Vielleicht hängt es damit zusammen, dass beim Magic Dobby Webstuhl die Kettfäden für die Fachbildung nur gehoben werden, also möglicherweise stärker beansprucht werden, als beim Kontermarsch- oder Counterbalancewebstuhl (Rollenzug), bei dem das Fach dadurch entsteht, dass die eine Fadengruppe gesenkt und die andere gehoben wird

Ich weiß es nicht, die Fäden waren wohl am Ende überbeansprucht, sie sind eigentlich nicht wirklich gerissen sondern haben sich eher gelängt, was man auch an dem teilweisen Nachlassen der gleichmäßigen Spannung bemerken konnte, die Zwirnung ist dadurch stellenweise wohl so instabil geworden, dass die glatten Fasern auseinandergleiten konnten. 

 

 

Ich habe dann die Restkette vom Kettbaum abgewickelt und am Anlängerstab beschwert, um so einerseits vereinzelte Spannungsunterschiede mit Gewichten ausgleichen zu können, aber auch die neu eingezogenen Ketttfäden direkt wieder an den Anlängerstab zu knoten.

 

 

Das Ganze machte recht bald keinen Spaß mehr und ich habe die Flickerei aufgegeben und die Kette abgeschnitten. Der Schal ist dadurch nun kürzer als gewünscht aber noch weniger schön ist die Tatsache, dass sich am Ende durch die ungleiche Kettspannung doch auch viele Webfehler eingeschlichen hatten, die ich teils durch Einstopfen wieder behoben habe, aber weil das bei diesem Muster auch sehr mühsam war, habe ich beschlossen, dieses Gewebe als reines Probestück zu betrachten.  



 

Weil ich im Grunde aber zufrieden bin mit dem Aussehen, dem Fall und der Griffigkeit des Gewebes,  werde ich das Muster und die verwendeten Garne noch einmal für einen Schal einsetzen, aber dann das Wollgarn als Kette nutzen und das Tencelgarn als Schuss.

Ich bin gespannt darauf zu sehen, wie sich diese Änderung auswirken wird.

 

 

 

 

 

Sonntag, 18. Mai 2025

Der kleine Dobby

Hier entsteht mein zweiter Schal auf dem kleinen, 3D gedruckten Dobby Webstuhl .

 


 

Zum Aufbäumen habe ich mit Gummibändern den ebenfalls gedruckten, passenden Reedekamm am hinteren Streichbaum befestigt, der wie die Louet Reedekämme eine 0,5 cm Einteilung hat. 




Aufgezogen habe ich ein Restgarn aus der Industrie, feine, 3-fädig gefachte Merinowolle.

 

 

Jeder der 8 Schäfte ist mit ca. 50 Kunststofflitzen bestückt.
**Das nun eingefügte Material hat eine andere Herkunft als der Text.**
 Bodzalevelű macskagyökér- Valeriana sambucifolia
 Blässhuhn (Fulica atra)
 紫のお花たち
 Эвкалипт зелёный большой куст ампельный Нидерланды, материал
Da es recht umständlich ist, die Anzahl der Litzen zu ändern, es in diesem Fall aber platzmäßig nicht ausreichen würde, die ungenutzten Litzen rechts und links einfach stehen zu lassen, habe ich beim Einzug auf allen Schäften in halbwegs regelmäßigen Abständen leere Litzen verteilt. Es wäre allerdings besser gewesen, die Anzahl der ungenutzten Litzen genau auszurechnen, denn letztlich blieben auf der rechten Seite doch noch zuviele Litzen übrig, so dass die Kettfäden dort beim Weben beengt waren und einige dadurch aufgerieben und dann gerissen sind.
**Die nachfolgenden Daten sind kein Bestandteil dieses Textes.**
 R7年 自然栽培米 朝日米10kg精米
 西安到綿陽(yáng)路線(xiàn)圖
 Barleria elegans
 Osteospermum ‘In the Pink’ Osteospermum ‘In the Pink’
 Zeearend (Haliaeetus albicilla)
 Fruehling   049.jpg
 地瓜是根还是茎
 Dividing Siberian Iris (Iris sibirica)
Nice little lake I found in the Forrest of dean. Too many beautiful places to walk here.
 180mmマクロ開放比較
Figure 12, Donat, Franz Large Book of Textile Patterns, Germany, 1895
 

Die Webpatrone für das Wellenmuster ist bei handweaving.net unter der Nummer 31719 zu finden.

 

 

Bisher habe ich nur einen Kamm mit der Einteilung 40/10 für diesen Webstuhl,  aber mit doppelt ins Riet eingezogenen Kettfäden komme ich auf 8 Fäden pro Zentimeter und das sollte gut zu den von mit gewählten Garnen passen.

 


 
Der Anfang ist gemacht und die Gewebedichte wirkt passabel.

 

 

Auch mein Schussgarn ist wohl ein Restgarn aus der Industrie, es ist ein leicht glänzendes, hellgraues Viskosegarn, unregelmäßig gesponnen und tweedähnlich mit kleinen bunten Einsprengseln versehen.

 


 

Ich habe einen Teil dieses Garns schon einmal im Schuss für einen Westenstoff  verwendet.

 


 Das Weben ging gut voran,

 

 

bis es plötzlich knack machte und der Hebel, der runtergedrückt wird, um die Schäfte zu heben, sich sehr seltsam anfühlte  -  er war in der Mitte durchgebrochen.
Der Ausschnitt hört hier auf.